И тут, по версии Утесова, произошло короткое замыкание, которое стало вехой в истории театра. Два режиссера придумали грандиозный спектакль, который должен был выстрелить, как пушка с крейсера «Аврора».
Писать сценарий Леонид Осипович позвал Николая Эрдмана и Владимира Масса. Главным героем нового представления был персонаж по имени Костя Потехин — продавец из магазина, одновременно умный и глупый, как королевский шут, под видом шутки изрекающий совсем не глупые мысли. Как всегда, Утесов придумал себе еще и вторую роль: роль крестьянина-единоличника, появляющегося на сцене с лошадью. Всякая индивидуальная собственность была позором. Боже мой, какие же это дало плоды! Иметь лошадь на селе считалось тогда верхом неприличия, все равно как быть проституткой. И лошадный крестьянин конечно же выглядел простофилей. Он ездил в Торгсин сдавать навоз, потому что сельский агроном сказал ему, что навоз — это золото.

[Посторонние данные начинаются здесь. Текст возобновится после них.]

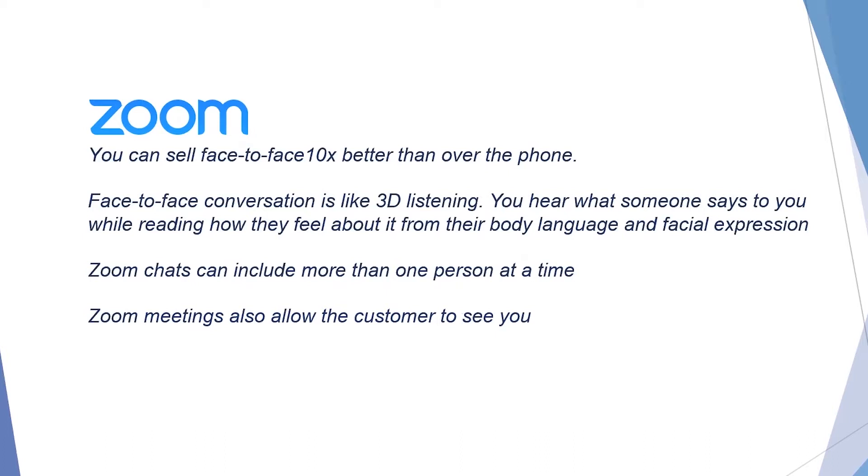Zoom meetings also allow the customer to see you and internalize the fact that you're a real human being with a family, friends, a mortgage, and not just some faceless disembodied voice trying to sell them insurance. So here are four quick and easy tips that anybody can apply in just seconds.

Говорят, что именно Каменев и Троцкий придумали этот ужасный ход — опорочить работающего человека-владельца.
Утесов изображал лошадь двумя танцорами, полушутовской-полуэротический гибрид двух парней, которые, покрытые попоной, с торчащей палкой вместо шеи, выделывали различные смешные коленца, отплясывали чечетку, которую тогда танцевали, как пролетарский танец. Говорили, что чечетку танцевал Калинин. Потом Утесов придумал для себя роль американского дирижера, интерпретирующего русскую классическую музыку на американский джазовый лад. Дирижер был такой же единоличник. Что не сделаешь ради любви к джазу! Чтобы играть для пролетарских ушей, приходилось его порочить. Только в таком виде можно было услышать эту божественную музыку. Четвертую маску придумал Утесов про самого себя. Как бы он, но в кривом зеркале. Говорят, что обаятельная Рина Зеленая, посмотрев этот спектакль, сказала: «Боже мой, если бы я видела этого человека в жизни, я бы его убила. Как можно жить с такими лицами. Я не удивлюсь, если узнаю, что у него много любовниц». По сюжету герой Утесова заходит в магазин, где ему предлагают купить пластинку с блатными песенками в исполнении Утесова.
— Что вы, — кривился Леонид Осипович. — Я хорошо знаю этого певца. Он никогда не пел блатных песен.
— Нет, это вы «что», — отвечают ему. — Вот послушайте, — и ставят пластинку, которая заканчивается словами Утесова: «Я кончаюсь — переверни меня».
Впоследствии официально, с трибуны различных съездов или в печати, Дунаевскому приходилось ругать эти блатные песенки, изданные отдельной пластинкой. Но дома, в кругу друзей, он их хвалил как очаровательную шутку таланта. По молодости каждый бард из Одессы мечтает записать пластинку с бандитскими песенками — в них слишком много очарования, которое сделало одесского бандита Беню Крика не просто заурядным одесским бандитом, а настоящим художником, родоначальником бандитской эстетики.
Актер Николай Самошников неподражаемо изображал самоубийцу-музыканта, которого спасали, доставая из воды. Утесов спрашивал: почему он это сделал? Тот рассказывал, что его никуда не берут на работу, а он хочет играть на кларнете.
— Как я вас понимаю, — сочувствовал ему Утесов, — сам живу в контрабасе, и то тесно.
Потом Утесов просил его сыграть что-нибудь, может быть, он возьмет его на работу. Но после первых же душераздирающих звуков, которые издавал кларнет, музыканта молча брали за руки и за ноги, деловито несли к мосту и бросали обратно в воду. Возвращались и со слезами на глазах говорили:
— Федор Семенович, что же мы наделали! Мы живого человека утопили.
— Ну и что? — невозмутимо спрашивал директор.
— А вдруг он выплывет?
Переезд Исаака Дунаевского и события в Кремле развивались параллельно. Вопрос «с музами» объяснялся очень просто: это была последняя сфера влияния бывших партийных лидеров. По существу, стоял вопрос об окончательном и бесповоротном их уничтожении и сосредоточении всей громадной власти в руках Сталина. Бывший семинарист, понимавший толк в душе, правильно расценил: пока ниточки от «властителей дум» находились в руках Бухарина, Каменева, Зиновьева и иже с ними — у них оставался шанс на возвращение к власти. А соответственно его, Сталина, власть над душами и думами людей была не полной. «Для писателей, режиссеров и прочей нечисти» это означало начало конца, по образному выражению Ахматовой, «вегетарианской эпохи». Предстояла эпоха чисток, в которой побеждали любители свежего человеческого мяса, поставляемого лагерями. Все было уже расписано.